While preventative controls such as hardening Windows group policy configurations, LAPS, MFA, and segmentation can be implemented to slow an attacker down, the ability to detect remains the most readily available method. In order to detect the password extraction stage of the attack, we need to identify processes that hook into LSASS. For my testing, I used the popular Mimikatz toolset for extracting passwords / password hashes and Sysmon, Microsoft’s free event extension to research the DLLs. Based on my research, using a basic (and free) endpoint tool, Sysmon, I believe we have the capability to detect Mimikatz in all flavors: in-memory, on-disk, and packed on-disk. Once identified in Sysmon, the Windows logs still need to be forwarded on to your SIEM to trigger an alert. In my analysis, this detection method results in very few false positives. This method can also be extended to Endpoint Detection and Response (EDR) tools that capture processes.
*** Full caveat: I have only tested this in a few environments, so your mileage may vary. Further testing should be performed prior to rollout. In addition, the SIEM will need to correlate the events that happen in succession. ***
Uncovering Mimikatz Activity
To detect Mimikatz activity, I went to the core of what Mimikatz needs to run, namely its loading of Windows DLLs. This is important as this will always occur no matter what process Mimikatz is injected into and cannot be obfuscated via in-memory execution or a packed exe. Using Sysmon with the -l flag to identify DLL image loading, I extracted the DLLs of both in-memory execution via a beacon (spawned in the context of rundll32.exe via Cobalt Strike) and Mimikatz executing on disk via command prompt.

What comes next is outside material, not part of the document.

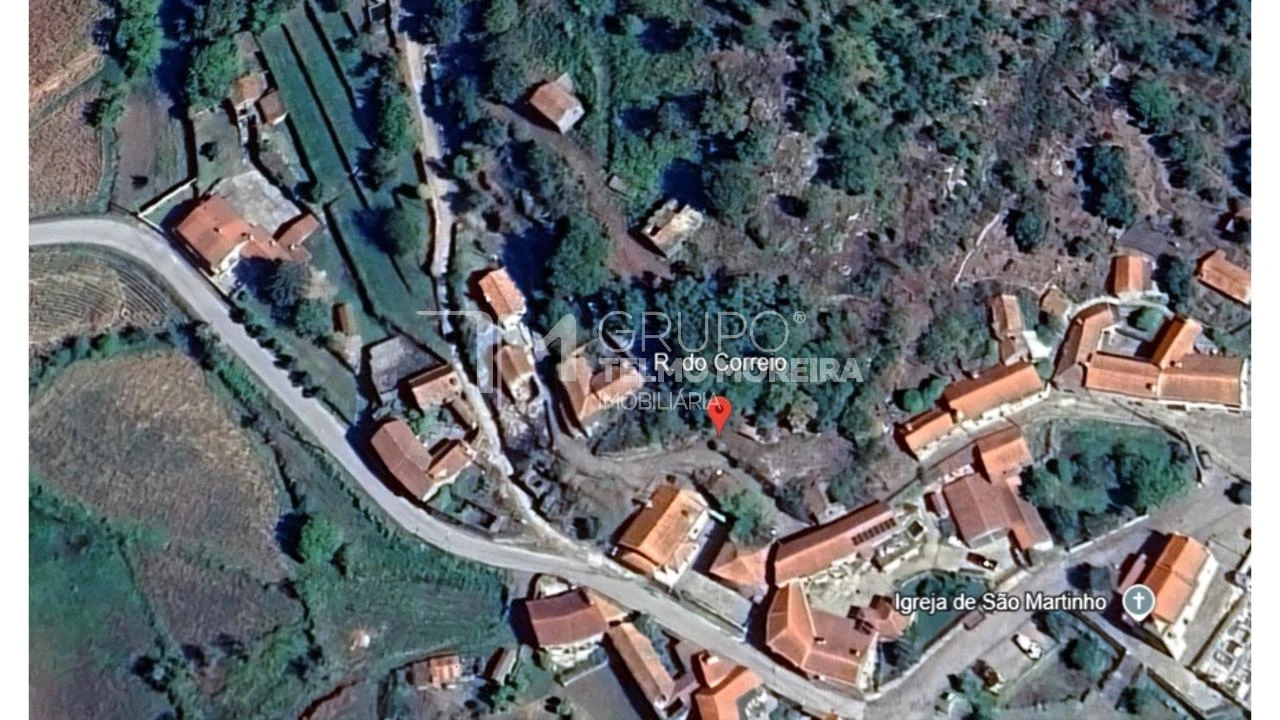 Moradia T10 para Venda em Valongo do Vouga Foto 4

As some of these libraries may differ between methods, I wanted to identify only libraries that were persistent across both methods and came up with the following list, highlighting similarities:
From this list of shared DLLs, I then started to build out my DLLs for detection. Searches with a subset of these DLLs against a Carbon Black instance showed a small number of false positives using the following DLL list:
Querying for these unique DLLs in the EDR solution Carbon Black resulted in only 17 processes. This is great news as it appears that the fingerprint for Mimikatz is unique from other processes, resulting in very few false positives. This Carbon Black instance has over 2 months of process information for 9,000,000+ processes across workstations and servers, so a pretty significant sample size. Further opportunities exist for strengthening this search by decreasing the time window for ensuring all DLLs are loading in conjunction, but that was outside the scope of this exercise. Using this detection method, either in Sysmon or an EDR tool, we should be able to key off of all instances of Mimikatz.

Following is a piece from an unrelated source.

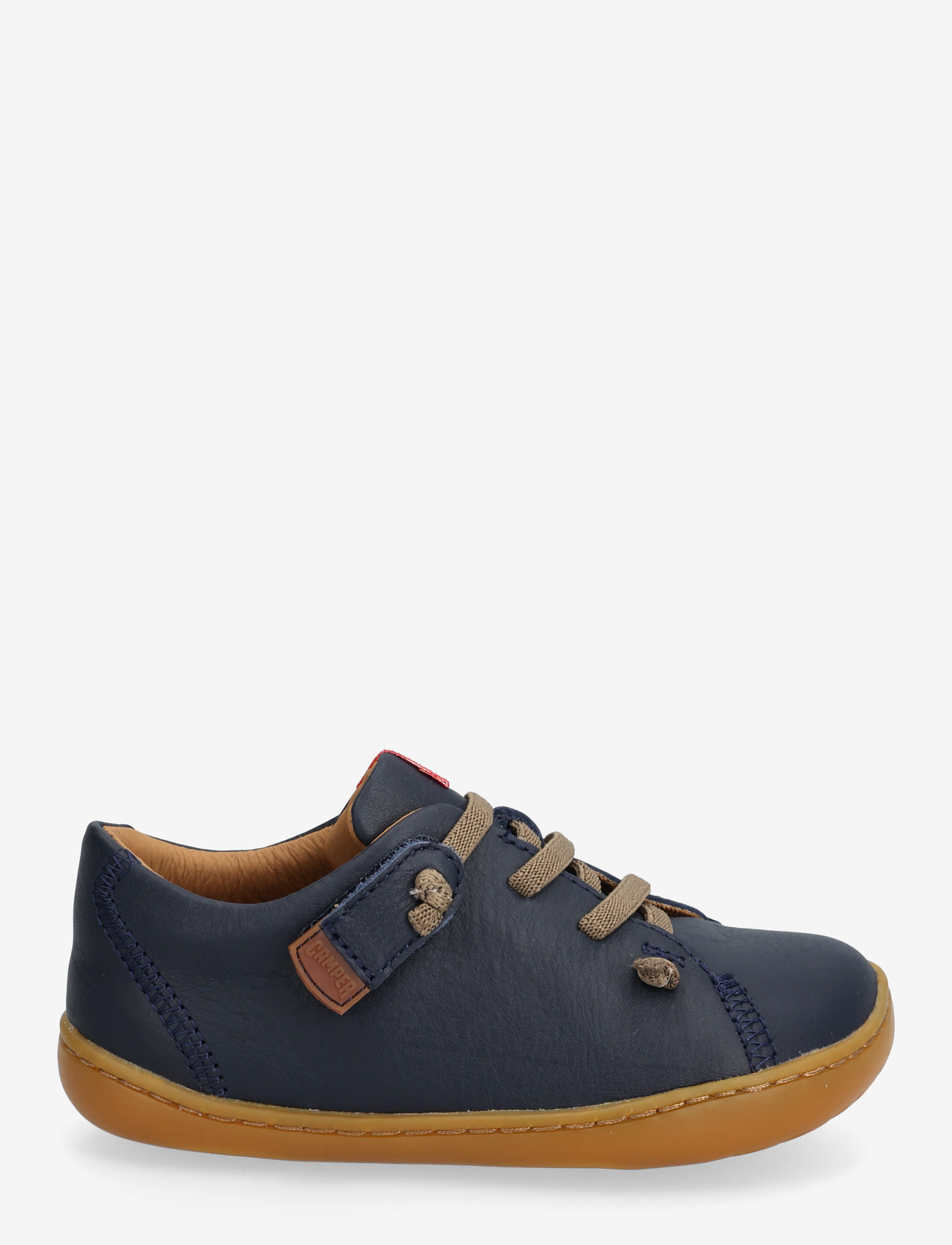 Camper - Peu Cami FW - kõrge säärega tossud - blue - 1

Due to changes in reflective DLL loading that are used by Mimikatz in-memory (Powersploit, Cobalt Strike, Powershell Empire), the method to detect Mimikatz in memory has changed. Previously, when Mimikatz loaded in memory via DLL injection, Sysmon would show both the requested DLL, as well as dependencies when they were loaded by the process. However, with the changes to DLL injection, only the requested libraries, not the dependencies are shown in Sysmon.
Therefore, rather than a list of ~10 DLLs, we now see two DLLs in sysmon when mimikatz is run in memory: vaultcli.dll and wlanapi.dll. These two API’s then load a set of dependencies (1,2) that are not populated in sysmon when Mimikatz runs in memory. We do still see these dependencies loaded in sysmon when Mimikatz is run on disk. Therefore, detection alerts should still use the previous rule, as well as key off of vaultcli.dll and wlanapi.dll.

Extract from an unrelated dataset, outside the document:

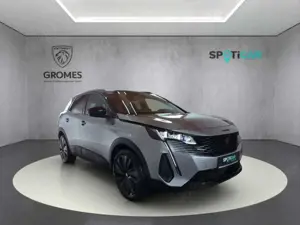 Peugeot 3008 GT PT130 EAT8 El. Panodach  360 Kamera LED ACC El.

Given this smaller list, they’ll be some more false positives, but this can be resolved. In my test environment with 10m+ processes, we’re at roughly 500 false positives vs 20 previously when searching for these two DLLs. However, removing two known applications, I was able to remove the false positives and set up a rule that will properly trigger when Mimikatz is used in-memory. As each environment is unique, these applications will vary on environment and can be identified and whitelisted after enabling the query.
In addition, as more companies move to newer Windows Operating Systems, LSA Protection should be enabled. Doing so will require Mimikatz to load mimidrv.sys, which can be logged as well. Either loading of the driver or the DLL loading listed above will detect Mimikatz usage in-memory and on disk. This was out of scope for this review, but I will discuss in a future blog post about detection when LSA protection is enabled.